++++ THE DATA
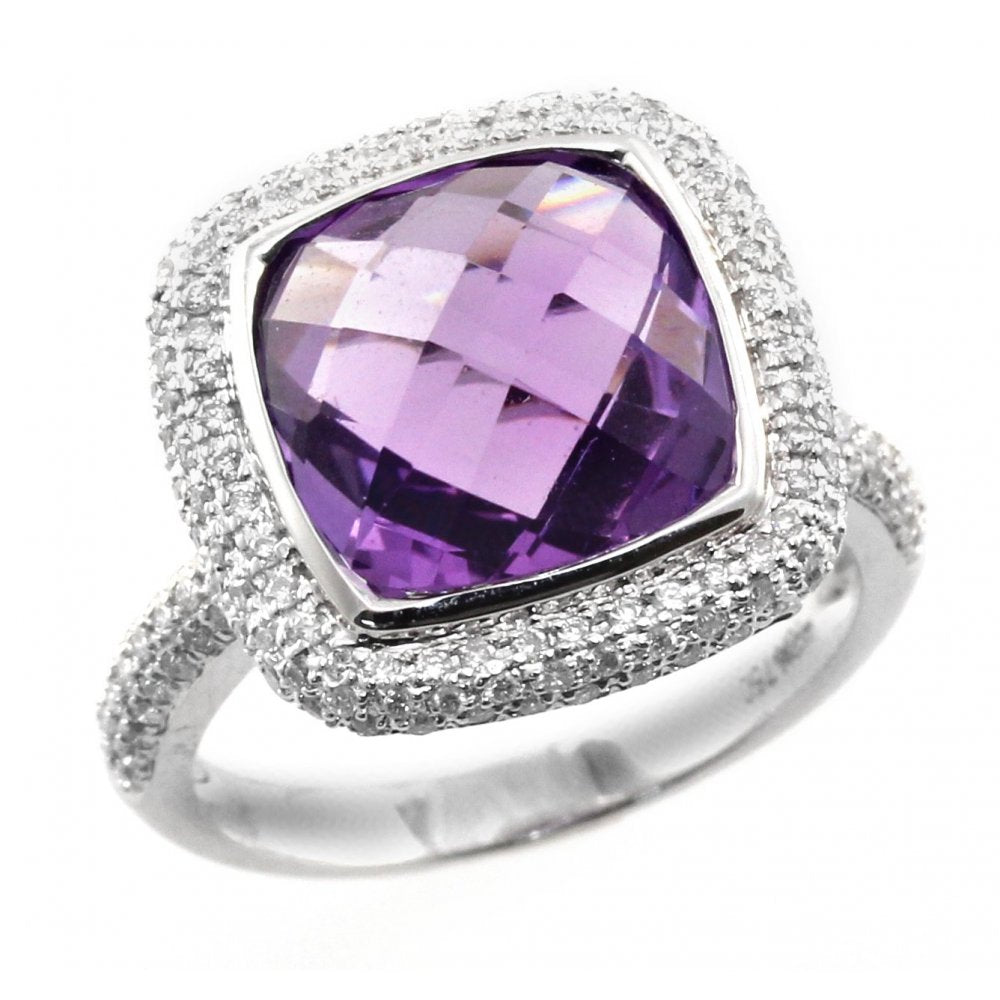 18ct white gold 4.86ct amethyst & 0.60ct diamond cluster ring
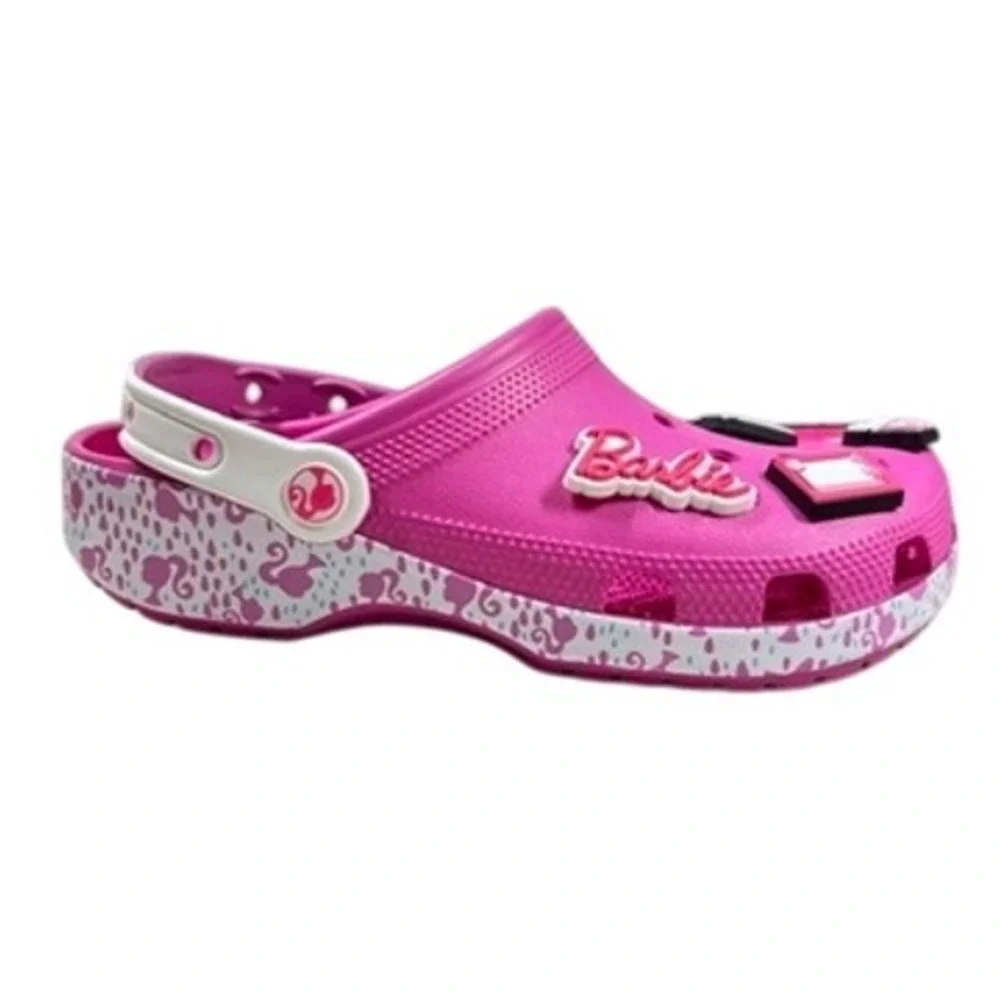 Barbie x Crocs Classic Clog Pink Flamingo Charms Movie Shoes Size 8 Women Mens 6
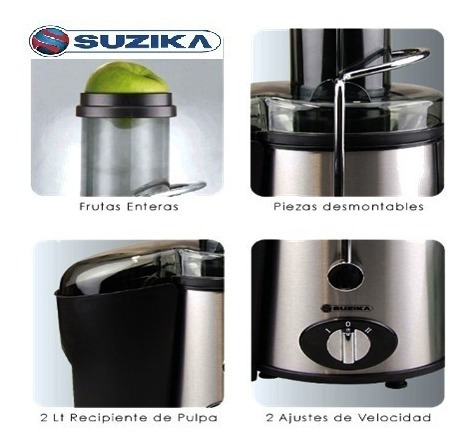 Juguera Extractor De Jugo Electrico Frutas Enteras Suzika Ej009 2 Litros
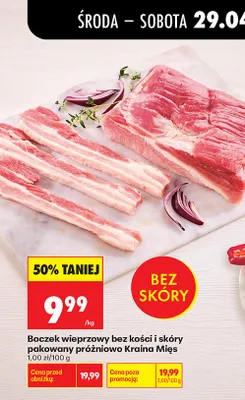 Boczek wieprzowy bez kości i skóry pakowany próżniowo Kraina Mięs promocja w Biedronka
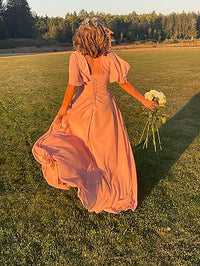 Vestido de Dama de Honra para Mulheres com Mangas de Folha em Chiffon Vestido de Noite para Festa de Casamento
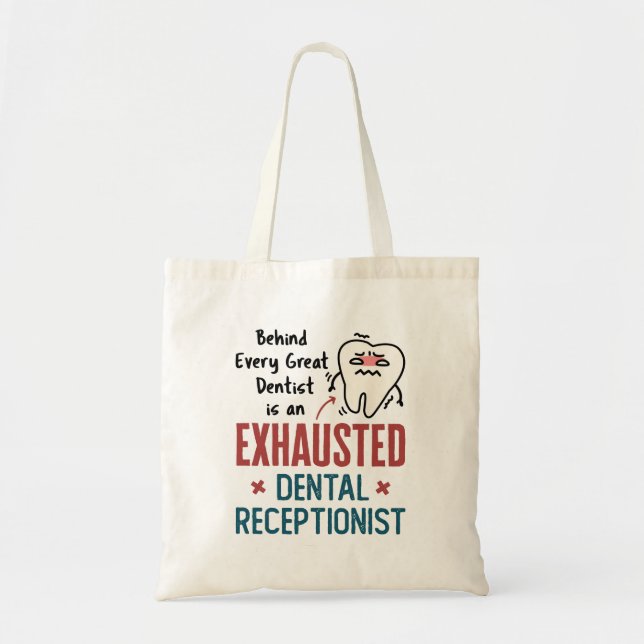 Bolso De Tela La oficina principal de la recepción dental agotad (Frente)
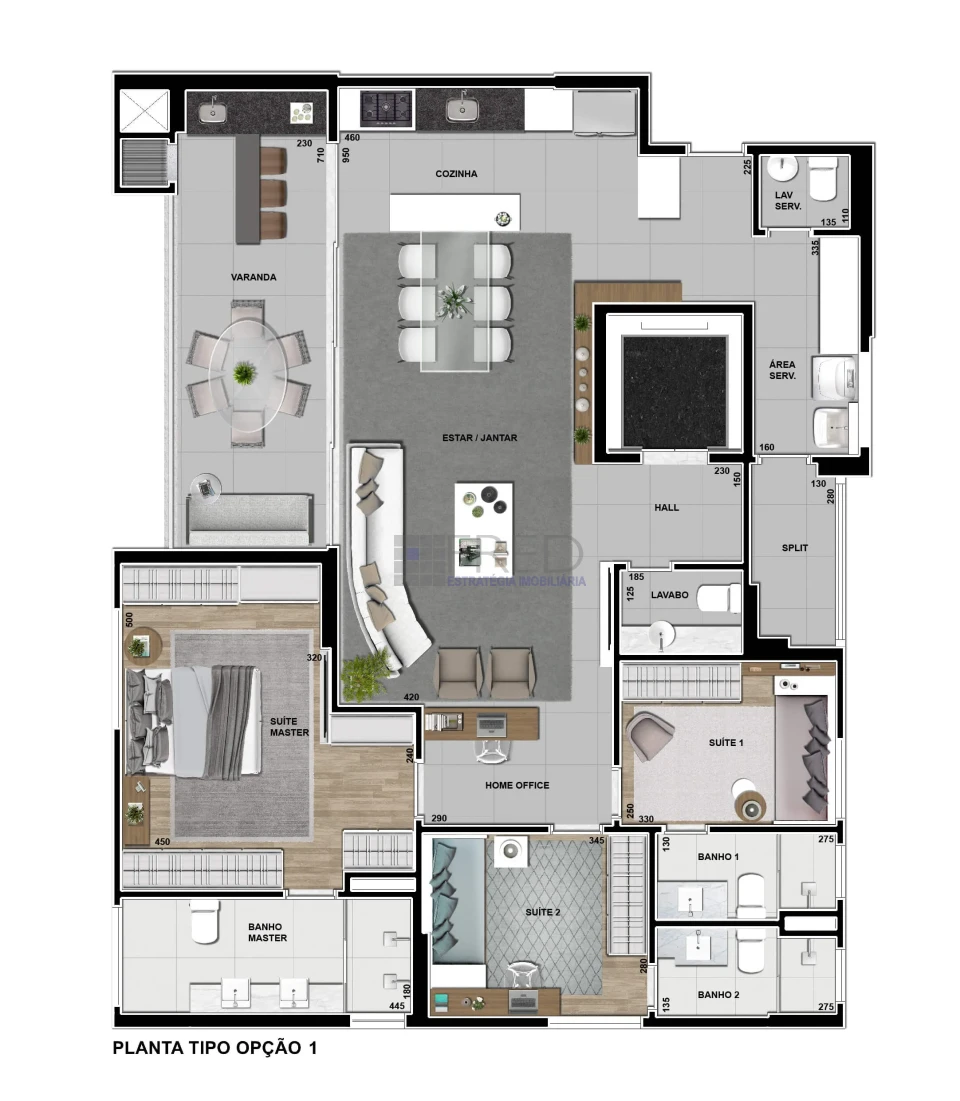 APARTAMENTO A VENDA -EDIFICIO TRIANON - ANDAR ALTO - LINDO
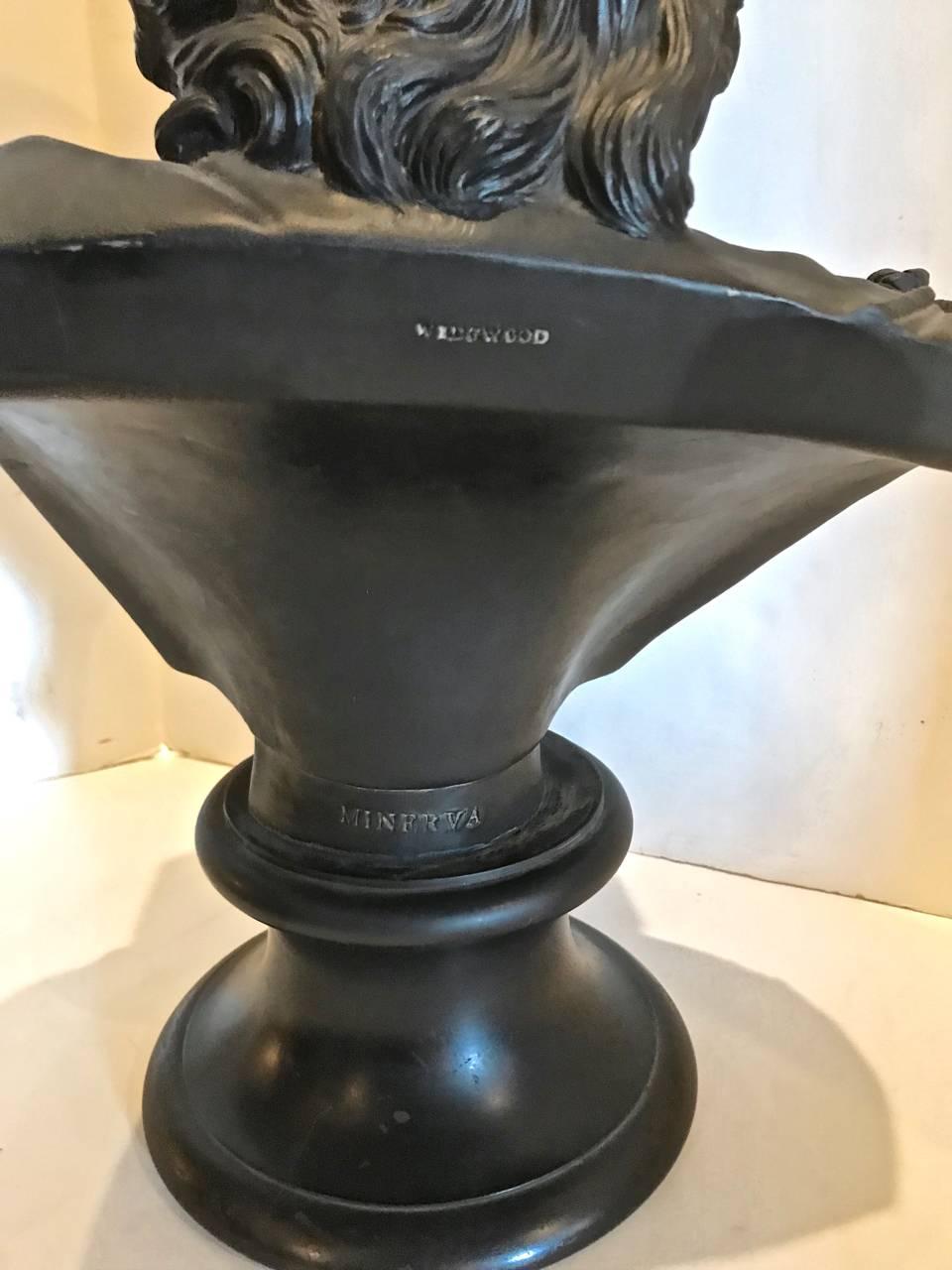 Cast 19th Century Wedgwood Basalt Bust of Minerva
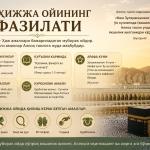 ЗУЛҲИЖЖА ОЙИНИНГ ФАЗИЛАТИ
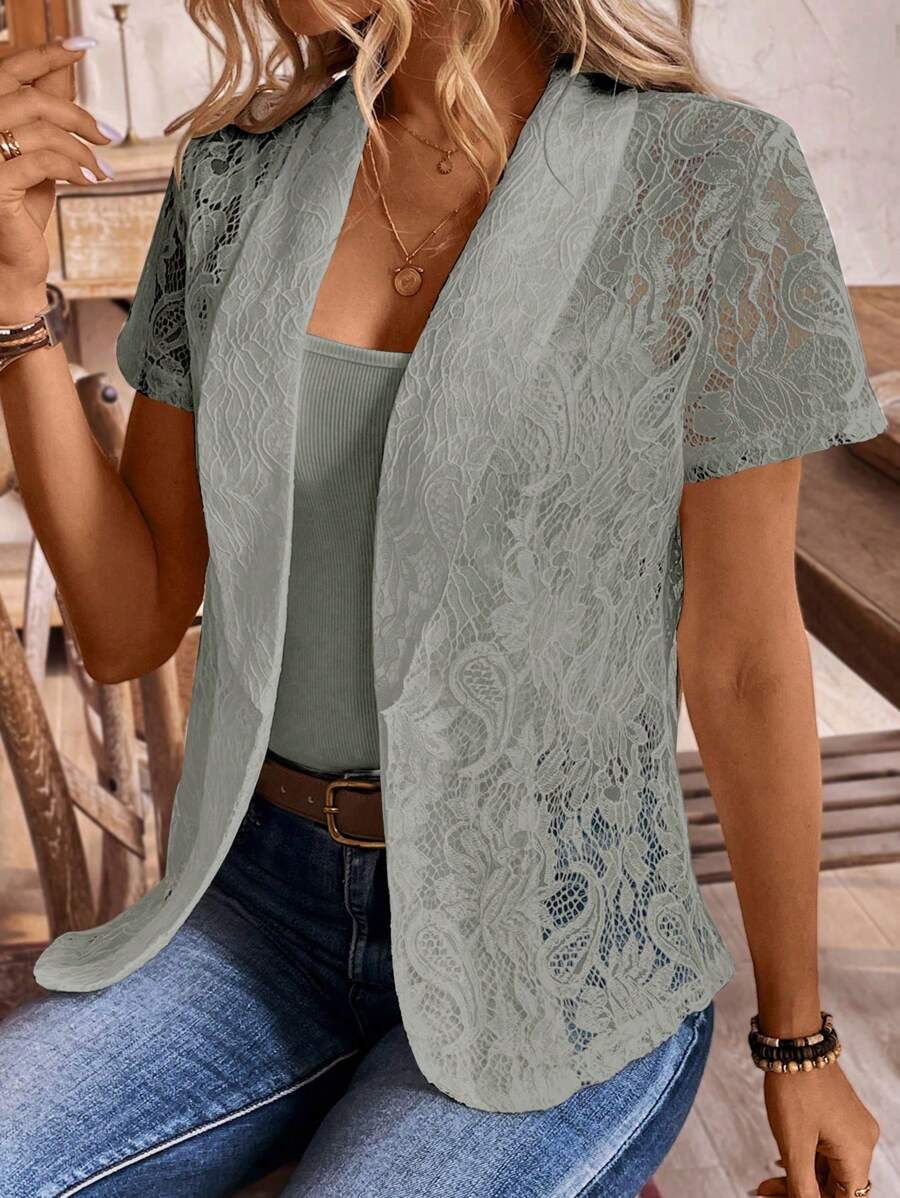 SHEIN LUNE Women's Casual Solid Color Lace Collar Short Sleeve Jacket, Spring And Summer - Grey - View 1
++++++++
#### [EXERCISE INSTRUCTIONS]
Pictures aside, write out all of the records exactly.

#### [EXERCISE RESULT]
 18ct white gold 4.86ct amethyst & 0.60ct diamond cluster ring
 Barbie x Crocs Classic Clog Pink Flamingo Charms Movie Shoes Size 8 Women Mens 6
 Juguera Extractor De Jugo Electrico Frutas Enteras Suzika Ej009 2 Litros
 Boczek wieprzowy bez kości i skóry pakowany próżniowo Kraina Mięs promocja w Biedronka
 Vestido de Dama de Honra para Mulheres com Mangas de Folha em Chiffon Vestido de Noite para Festa de Casamento
 Bolso De Tela La oficina principal de la recepción dental agotad (Frente)
 APARTAMENTO A VENDA -EDIFICIO TRIANON - ANDAR ALTO - LINDO
 Cast 19th Century Wedgwood Basalt Bust of Minerva
 ЗУЛҲИЖЖА ОЙИНИНГ ФАЗИЛАТИ
 SHEIN LUNE Women's Casual Solid Color Lace Collar Short Sleeve Jacket, Spring And Summer - Grey - View 1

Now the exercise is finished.